EXERCISE —
Reproduce every record below word for word and include no pictures.

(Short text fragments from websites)
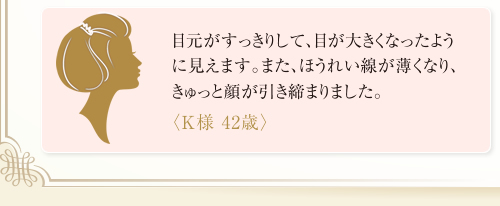 目元がすっきりして、目が大きくなったように見えます。また、ほうれい線が薄くなり、きゅっと顔が引き締まりました。<K様 42歳>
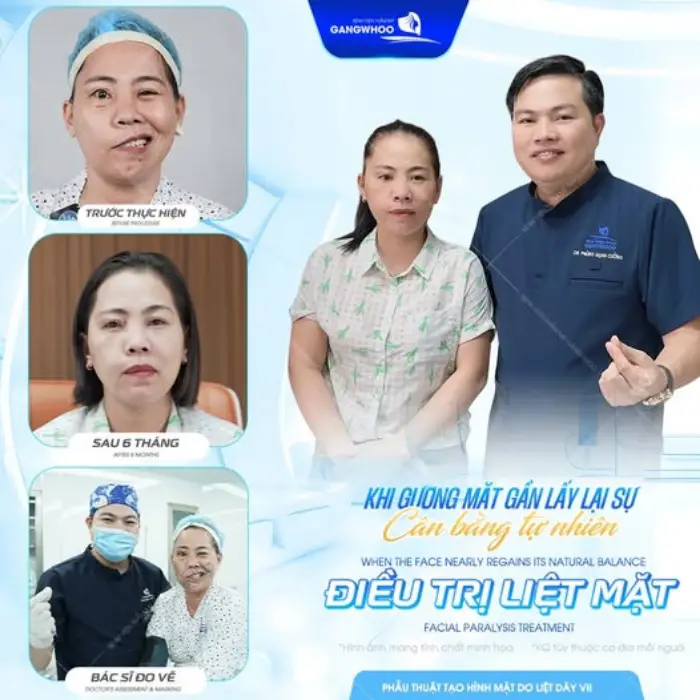 Điều trị liệt dây thần kinh số 7; gương mặt cân xứng, cải thiện chức năng co bóp cơ mặt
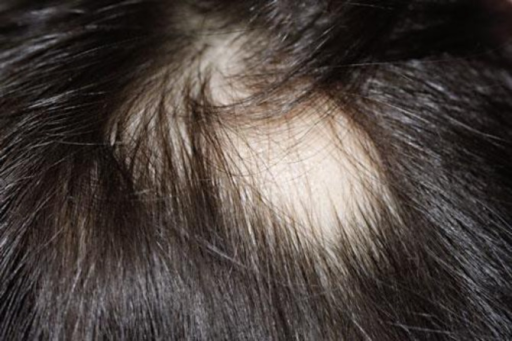 Aphlegmatic Patch Of Alopecia With Angular Contours. 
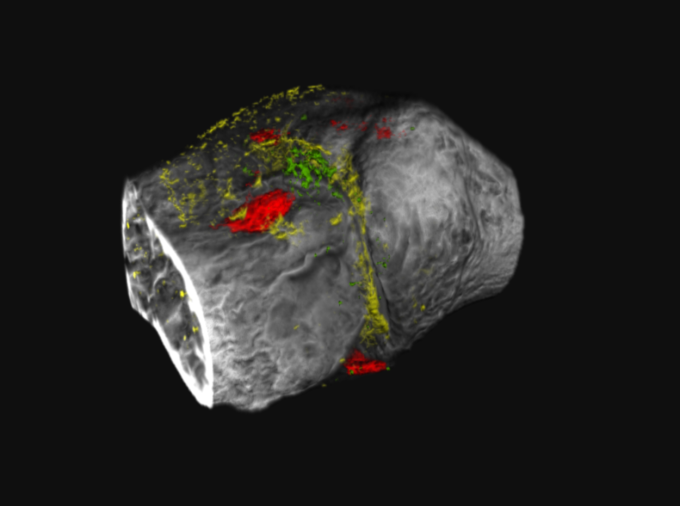 <p>Medical imaging is no longer in Kansas, Toto, as a team led by Penn State researchers brings traditional black and white diagnostic images of X-rays and traditional CT scans into technicolor. The researchers developed novel contrast agents that target two proteins implicated in osteoarthritis, a degenerative joint disease commonly characterized as wear-and-tear arthritis.</p>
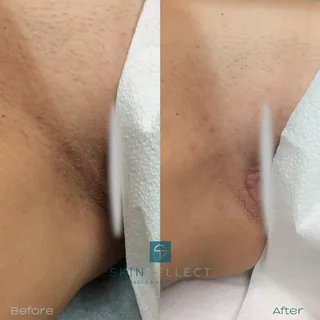 Anal Whitening Results: Before & After Visuals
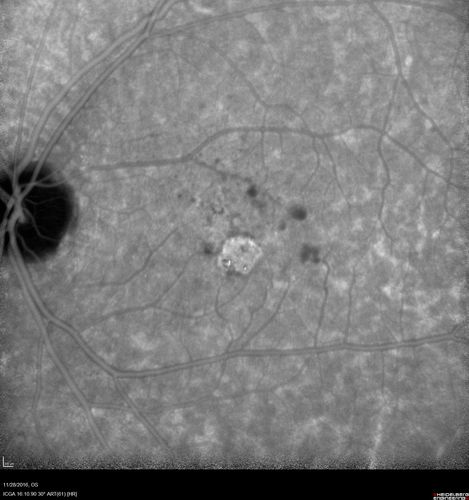 Confluent Soft Drusen with Subetinal Fluid - Right Eye
Asymptomatic 85 year old man.  OCT shows pocket of subfoveal fluid in the center of the macula.  This could be mechanical from the drusen preventing the retina from settling down.  Testing did not reveal a CNVM and subsequent OCT 6 weeks later showed no change in structure.
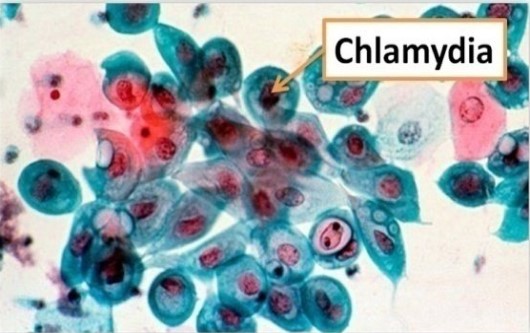 Tầm soát chlamydia trachomatis ở phụ nữ mang thai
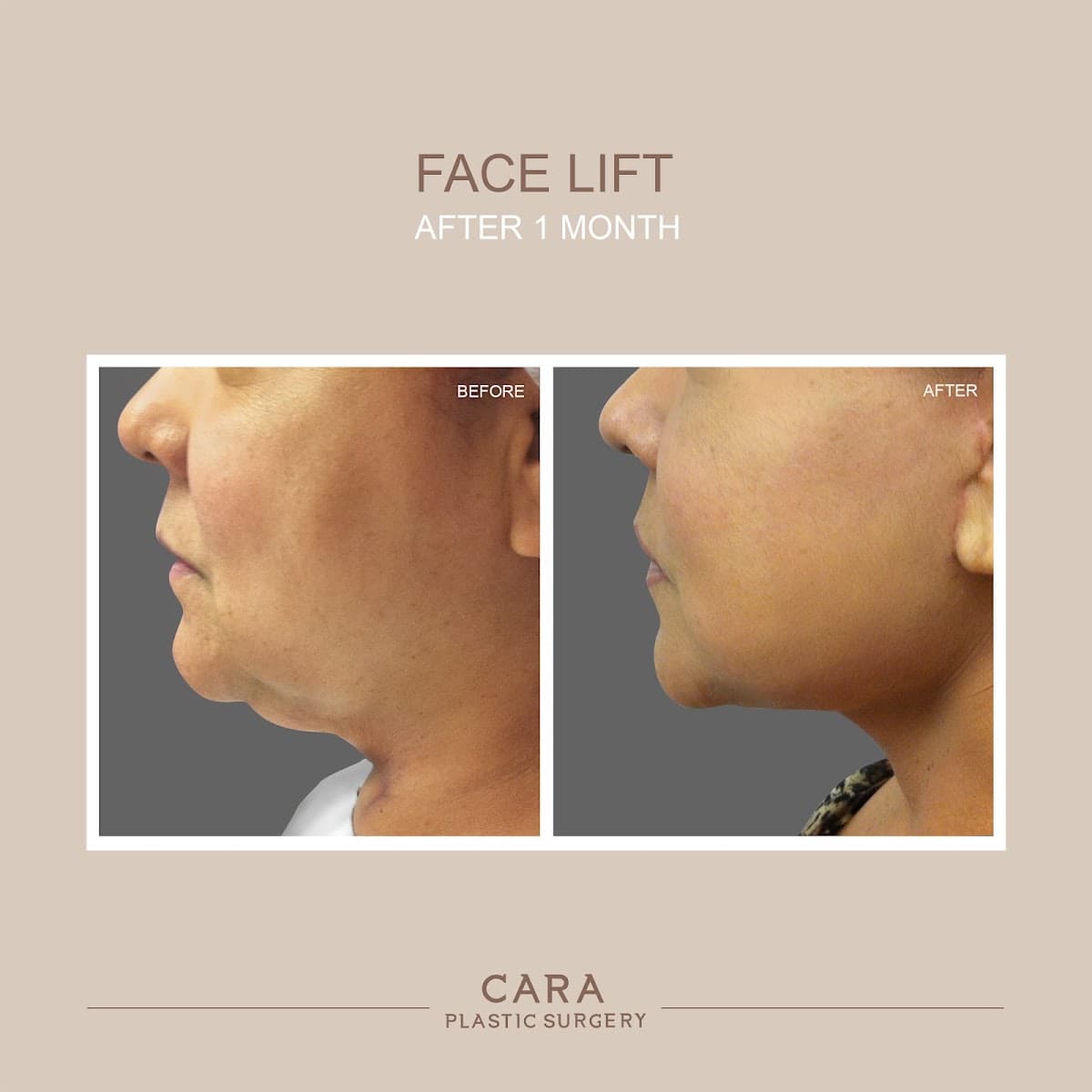 CARA Plastic Surgery photo 1 of 8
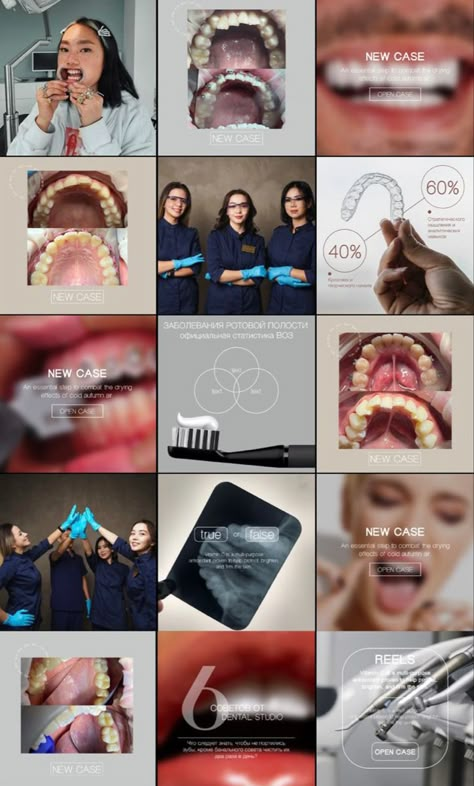 Dental Post, Dentist Social Media, Dentist Branding, Dental World, Dental Posts, Social Media Branding Design, Aesthetic Medicine, Set Designs, Social Media Branding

SOLUTION FOR THIS TASK —
 目元がすっきりして、目が大きくなったように見えます。また、ほうれい線が薄くなり、きゅっと顔が引き締まりました。<K様 42歳>
 Điều trị liệt dây thần kinh số 7; gương mặt cân xứng, cải thiện chức năng co bóp cơ mặt
 Aphlegmatic Patch Of Alopecia With Angular Contours. 
 <p>Medical imaging is no longer in Kansas, Toto, as a team led by Penn State researchers brings traditional black and white diagnostic images of X-rays and traditional CT scans into technicolor. The researchers developed novel contrast agents that target two proteins implicated in osteoarthritis, a degenerative joint disease commonly characterized as wear-and-tear arthritis.</p>
 Anal Whitening Results: Before & After Visuals
 Confluent Soft Drusen with Subetinal Fluid - Right Eye
Asymptomatic 85 year old man.  OCT shows pocket of subfoveal fluid in the center of the macula.  This could be mechanical from the drusen preventing the retina from settling down.  Testing did not reveal a CNVM and subsequent OCT 6 weeks later showed no change in structure.
 Tầm soát chlamydia trachomatis ở phụ nữ mang thai
 CARA Plastic Surgery photo 1 of 8
 Dental Post, Dentist Social Media, Dentist Branding, Dental World, Dental Posts, Social Media Branding Design, Aesthetic Medicine, Set Designs, Social Media Branding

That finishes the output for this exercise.